• Required work:
Every record below should be written out exactly; pictures stay out.

(Data to use)

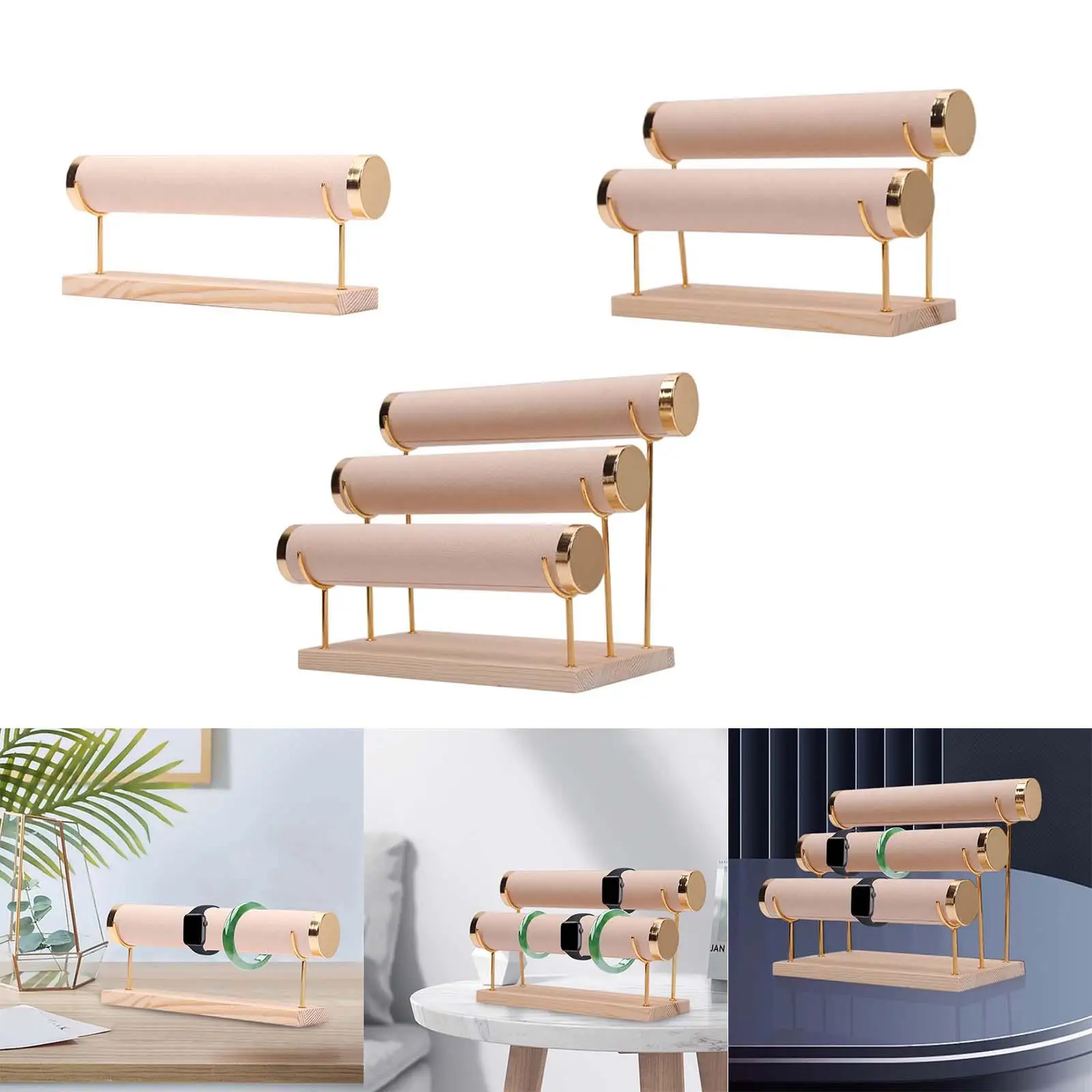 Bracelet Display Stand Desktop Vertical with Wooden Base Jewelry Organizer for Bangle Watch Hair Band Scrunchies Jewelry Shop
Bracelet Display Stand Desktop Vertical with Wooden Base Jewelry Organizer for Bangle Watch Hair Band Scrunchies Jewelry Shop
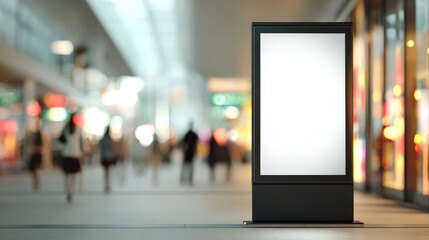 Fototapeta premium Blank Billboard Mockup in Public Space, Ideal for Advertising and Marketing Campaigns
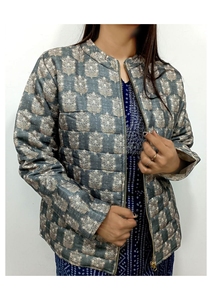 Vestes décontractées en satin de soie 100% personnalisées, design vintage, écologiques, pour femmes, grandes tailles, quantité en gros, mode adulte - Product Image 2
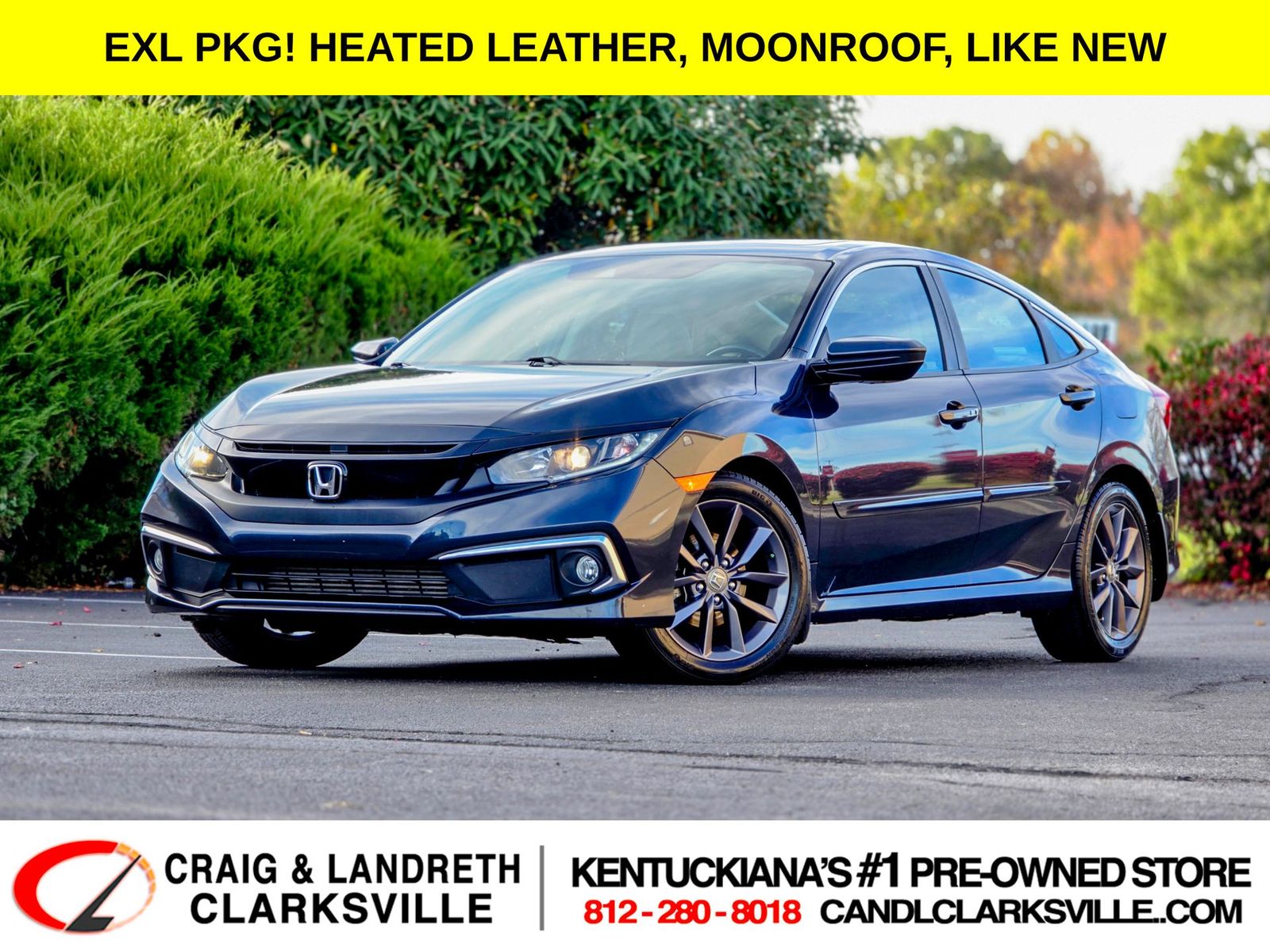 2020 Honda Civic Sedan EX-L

(End Data to use)

• Result of the task:
 Bracelet Display Stand Desktop Vertical with Wooden Base Jewelry Organizer for Bangle Watch Hair Band Scrunchies Jewelry Shop
Bracelet Display Stand Desktop Vertical with Wooden Base Jewelry Organizer for Bangle Watch Hair Band Scrunchies Jewelry Shop
 Fototapeta premium Blank Billboard Mockup in Public Space, Ideal for Advertising and Marketing Campaigns
 Vestes décontractées en satin de soie 100% personnalisées, design vintage, écologiques, pour femmes, grandes tailles, quantité en gros, mode adulte - Product Image 2
 2020 Honda Civic Sedan EX-L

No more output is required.